Never Mind the Bollocks, Here’s the Sex Pistols n’est pas un disque, c’est un constat de décès de la complaisance rock. Produit par le méticuleux Chris Thomas (bras droit de George Martin !) et Bill Price aux Wessex Studios, l’album offre une muraille de son insoupçonnée.
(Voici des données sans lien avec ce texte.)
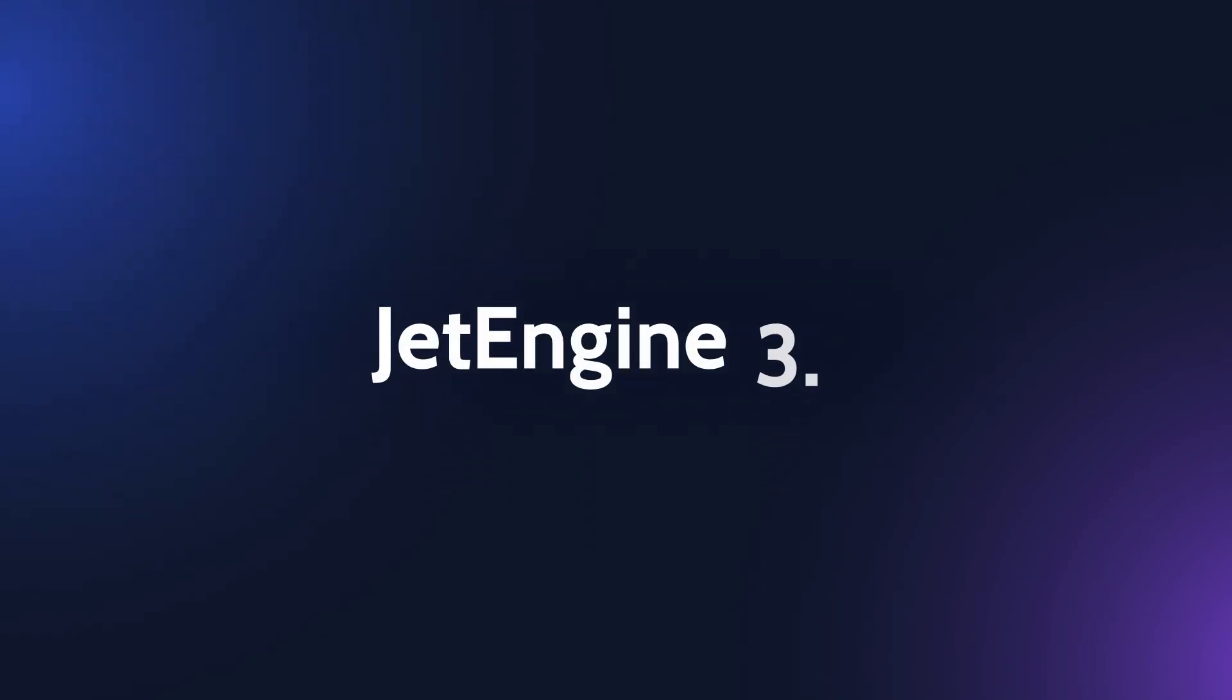JetEngine 3.5 is out and in today's video we're going to take a look at the new features and updates. If you're new to our channel make sure you are subscribed and don't forget to hit the notification bell. This is Julia from Crocoblock and now let's get started.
Contrairement à la légende d’un chaos brouillon, les guitares de Steve Jones, superposées jusqu’à l’overdose sur un vieux Marshall volé à Bowie, créent une texture épaisse, monolithique, presque symphonique dans sa brutalité.
L’enregistrement fut un champ de bataille de tensions larvées : Glen Matlock, évincé, ne joue que sur un titre, laissant Jones assurer la basse sur le reste de l’album pour masquer l’incapacité technique de Sid Vicious. Au micro, Johnny Rotten ne chante pas, il éructe un nihilisme ricanant, transformant le désespoir social en une poésie abrasive.
C’est l’anti-virtuosité élevée au rang d’art total. On y entend l’effondrement de l’Empire, le fracas des chaînes de montage qui s’arrêtent et l’insolence de gamins qui n’ont rien à perdre. Pour moi, ce disque reste l’étalon-or de la rupture : une décharge électrique qui a rendu tout ce qui l’entourait soudainement obsolète et poussiéreux. Un séisme de trente-huit minutes.